Story by Petty Officer 2nd Class Nathaniel MogerSmall RSS Icon

JPRC: the Accountability Masters of the Joint Task Force Petty Officer 2nd Class Nathaniel Moger

Air Force Senior Airman Mike Hites, from Joint Task Force Guantanamo's Joint Personnel Reception Center, arranges a welcome-aboard package for incoming JTF personnel in the Guantanamo Bay Naval Air Station Air Mobility Command Terminal, on April 15. JPRC handles in-processing and out-processing for all JTF personnel. JTF Guantanamo conducts safe and humane care and custody of detained enemy combatants. The JTF conducts interrogation operations to collect strategic intelligence in support of the Global War on Terror and supports law enforcement and war crimes investigations. JTF Guantanamo is committed to the safety and security of American service members and civilians working inside its detention facilities.

By Nathaniel Moger
Joint Tast Force Guantanamo Public Affairs

GUANTANAMO BAY, Cuba – It's midmorning on a Saturday. Most residents of U.S. Naval Station Guantanamo Bay, Cuba are just waking up, making plans to scuba dive or barbecue. Meanwhile, four Joint Task Force Guantanamo Troopers are at the Guantanamo Bay Naval Air Station Air Mobility Command Terminal, ready to welcome new JTF personnel to the island. It's their eighth straight Saturday working and their second straight seven-day workweek.

And next week will be no different.

The four members of the JTF's Joint Personnel Reception Center handle all JTF personnel in-processing and out-processing for accountability and casualty reporting purposes.

"We meet all of the planes," said Air Force Master Sgt. Neely Jo Harrington, JPRC superintendent. "We process everybody when they get off the plane, and make sure everybody's out-processed when they get on the plane."

When personnel arrive the first faces they see are those of JPRC's. They begin by filling out information and receiving necessary briefings. Essentially, the administrative side of their JTF career begins with JPRC.

"We'll take a projected record for reporting personnel and fill in any missing information," said Harrington. "Then we flip the record to active which means they're actually here."

JPRC also helps administer in-briefs that prepare new JTF Troopers for working in Guantanamo.

"We make sure everyone gets an operational security brief and a safety brief," said Harrington.

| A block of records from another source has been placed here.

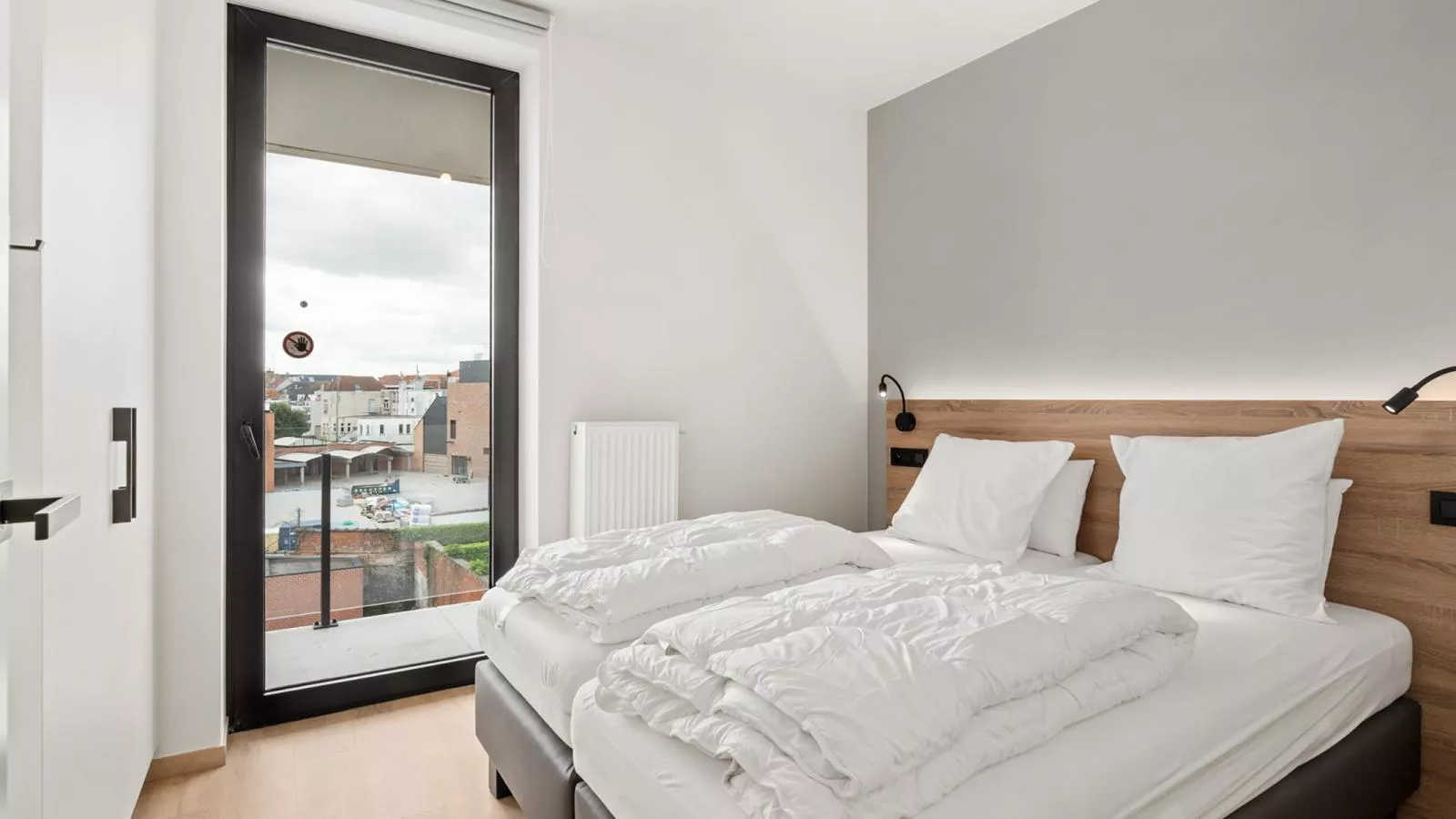 Maple Leaf - 03.02 + garage-Chambre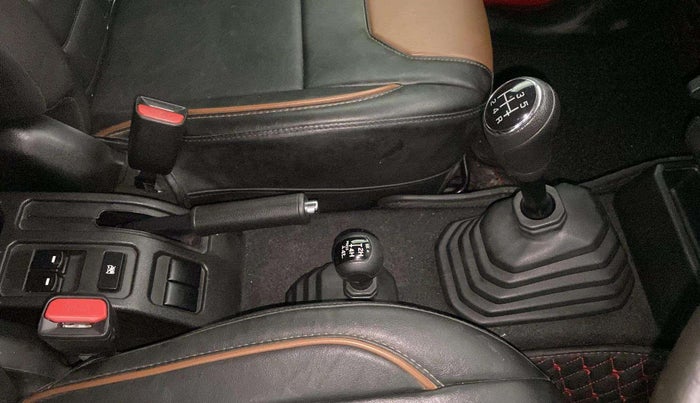 2023 Maruti JIMNY ALPHA ALL GRIP PRO MT DUAL TONE, CNG, Manual, 32,822 km, Gear Lever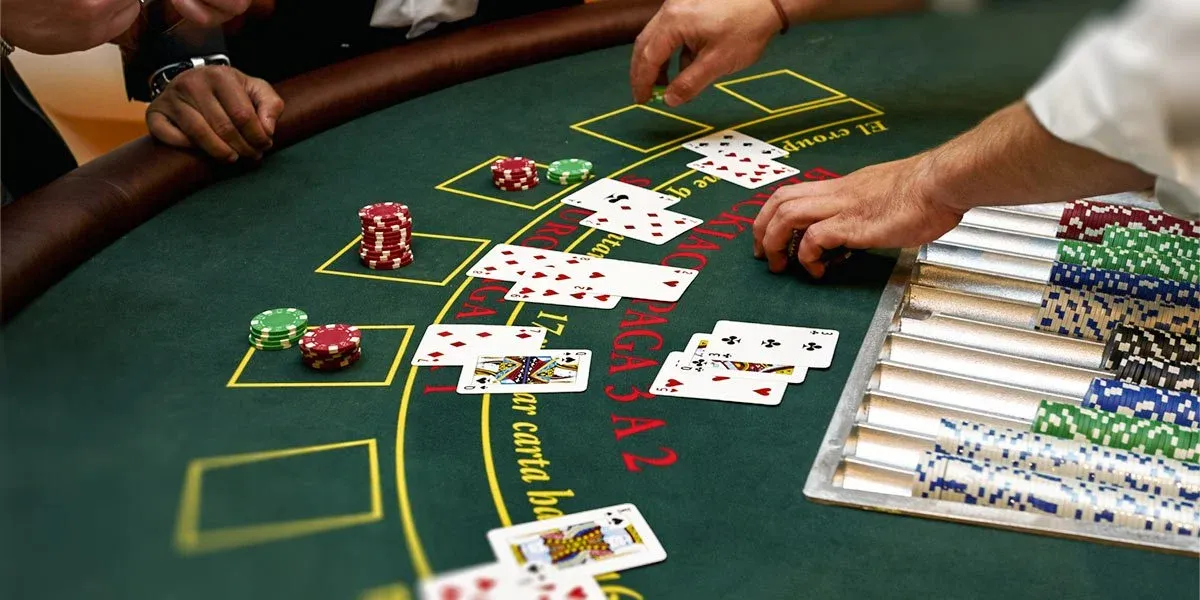 Ilustração de cartas e fichas de casino
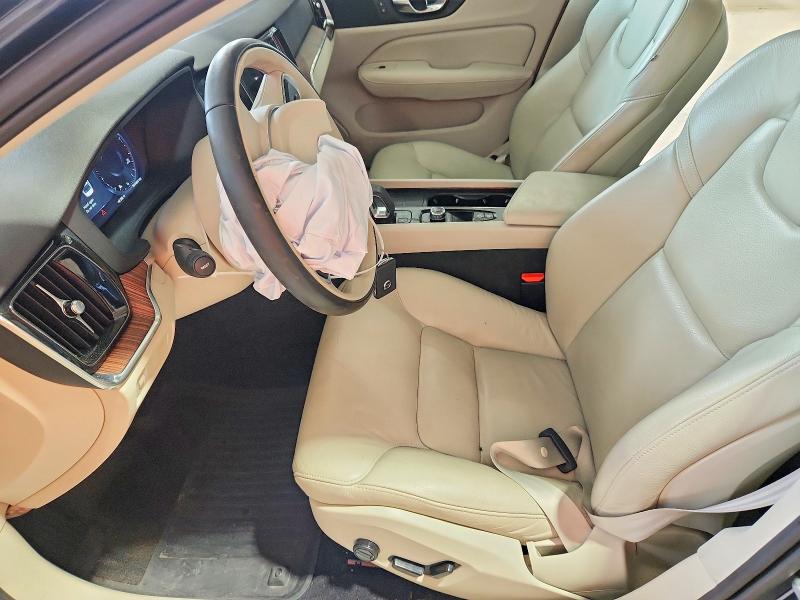 Photo 7 from auction – 2022 VOLVO S60 with VIN 7JRL12TZ4NG154209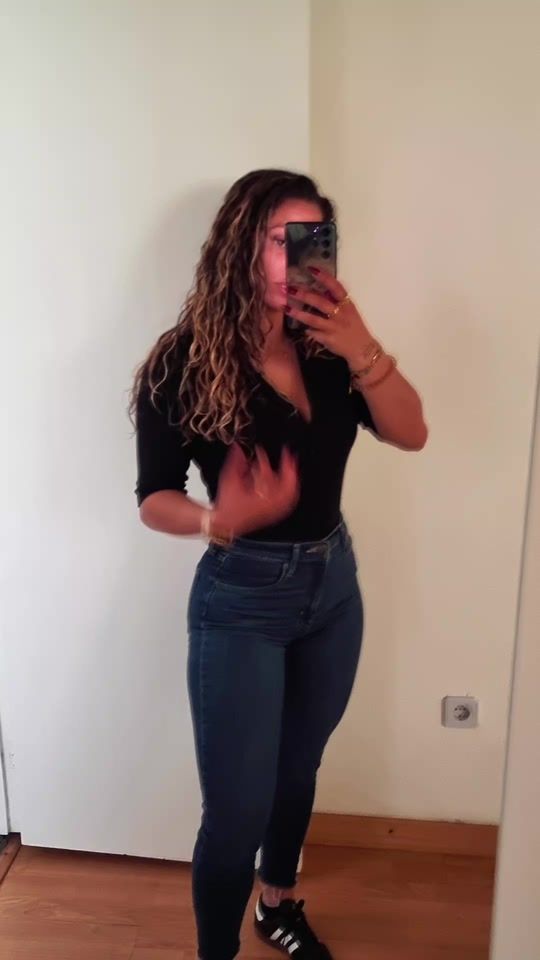TikTok video thumbnail by alexandragoncal97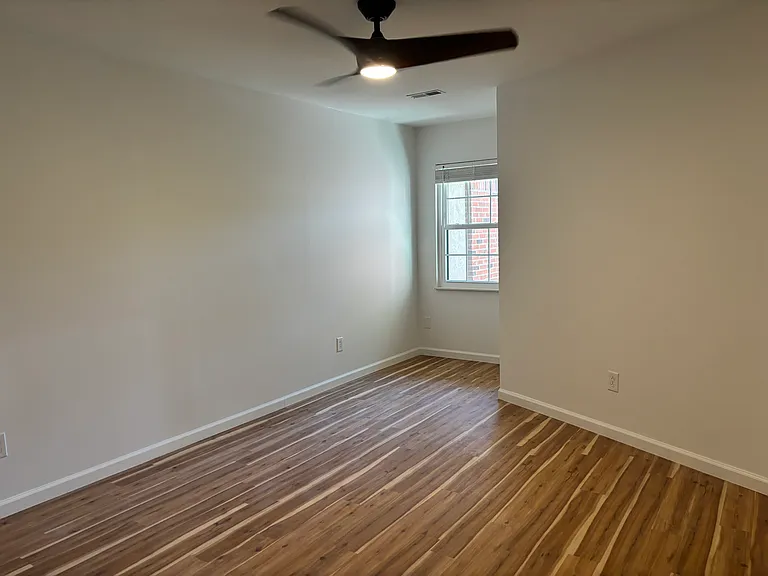 528 Farragut Commons Dr — Photo 9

By putting eyes on every arrival and departure, JPRC is able to keep an accurate accountability log of who's on island and who's not.

"In the military, accountability is extremely important," said Air Force Senior Airman Mike Hites, in-processing clerk.

In the case of a natural disaster, JPRC is able to identify exactly who is on island and ensure that leaders know who to muster. On the flip side, knowing who is off island ensures that search parties aren't sent into dangerous situations looking for personnel who are safe-and-sound in the continental U.S.

"During a hurricane, we can say, 'Wait a minute! Where's Spc. John Doe?' By combining JTF accountability, we should be able to alert people that we need to look for someone in a very short period of time," said Harrington.

Recently, JPRC has implemented a system of tracking duty status, as well. This means personnel attached to the JTF are continually tracked, even when traveling on temporary duty orders or on leave.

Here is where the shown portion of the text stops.